Notifications You must be signed in to change notification settings

LottePronk/whokaryote

Repository files navigation

Whokaryote

Whokaryote uses a random forest classifier that uses gene-structure based features and optionally Tiara (https://github.com/ibe-uw/tiara) predictions to predict whether a contig is from a eukaryote or from a prokaryote.

You can use Whokaryote to determine which contigs need eukaryotic gene prediction and which need prokaryotic gene prediction.

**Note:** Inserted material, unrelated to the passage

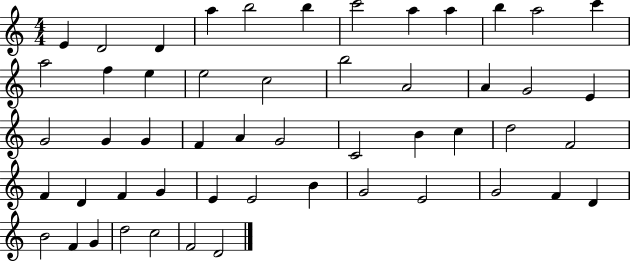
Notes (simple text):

E4/q D4/h D4/q A5/q B5/h B5/q C6/h A5/q A5/q B5/q A5/h C6/q A5/h F5/q E5/q E5/h C5/h B5/h A4/h A4/q G4/h E4/q G4/h G4/q G4/q F4/q A4/q G4/h C4/h B4/q C5/q D5/h F4/h F4/q D4/q F4/q G4/q E4/q E4/h B4/q G4/h E4/h G4/h F4/q D4/q B4/h F4/q G4/q D5/h C5/h F4/h D4/h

Issues can be created via GitHub: https://github.com/LottePronk/whokaryote

Publication

If you have used Whokaryote in your work, please cite our paper:

Pronk, Lotte J U, and Marnix H Medema. “Whokaryote: distinguishing eukaryotic and prokaryotic contigs in metagenomes based on gene structure.” Microbial genomics vol. 8,5 (2022): https://doi.org/10.1099/mgen.0.000823


Installation

Whokaryote was developed to run from the commandline on a UNIX-based system such as Ubuntu or MacOS. If you want to use Whokaryote on your Windows PC, we recommend you install Windows Subsystem for Linux (WSL). See https://docs.microsoft.com/en-us/windows/wsl/about

Recommended installation (Linux/Mac):

install with bioconda

You can now easily install Whokaryote via conda (or mamba). Simply use the following command to install Whokaryote in a (dedicated) conda environment:

conda create -c bioconda -n whokaryote whokaryote

Are you new to using conda? You can download miniconda here: https://docs.conda.io/en/latest/miniconda.html

Alternative installation for Windows:

Alternatively, you can install Whokaryote and its dependencies in a conda environment in Windows, see the instructions. You can download miniconda here: https://docs.conda.io/en/latest/miniconda.html

  1. Make a new and empty conda environment, and activate it:

    • conda create -n whokaryote python==3.8
    • conda activate whokaryote
  2. Install dependencies with these commands:

  3. Install Whokaryote:

    • Navigate to a directory you want to install Whokaryote in.
    • Clone Whokaryote with this command: git clone https://git.wur.nl/lotte.pronk/whokaryote.git (or git clone https://github.com/LottePronk/whokaryote.git)
    • Go to the Whokaryote directory: cd whokaryote
    • Install Whokaryote in your (conda) environment with python setup.py install

Using Whokaryote

Use whokaryote.py --help to see all the options:

-h, --help            show this help message and exit
--contigs CONTIGS     The path to your contigs file. It should be one (multi)fasta (DNA).
--outdir OUTDIR       Specify the path to your preferred output directory. No / at the end.
--gff GFF             If you already have gene predictions, specify path to the .gff file"
--f                   If you want new multifastas with only eukaryotes and only prokaryotes. This can take a long time.
--minsize MINSIZE     Select a minimum contig size in bp, default = 5000. Accuracy on contigs below 5000 is lower.
--model MODEL         Choose the stand-alone model or the tiara-integrated model: S or T. Option 'T' only works with argument --contigs

Note: When using Windows, you may need to run Whokaryote from the commandline as follows: python whokaryote\bin\whokaryote.py [options]

Example:

whokaryote.py --contigs contigs.fasta --outdir whokaryote_output --prodigal_file contigs_genes.gff

This is the standard way to run Whokaryote. If you don't specify --model, it will run the model that integrates Tiara predictions. This is recommended.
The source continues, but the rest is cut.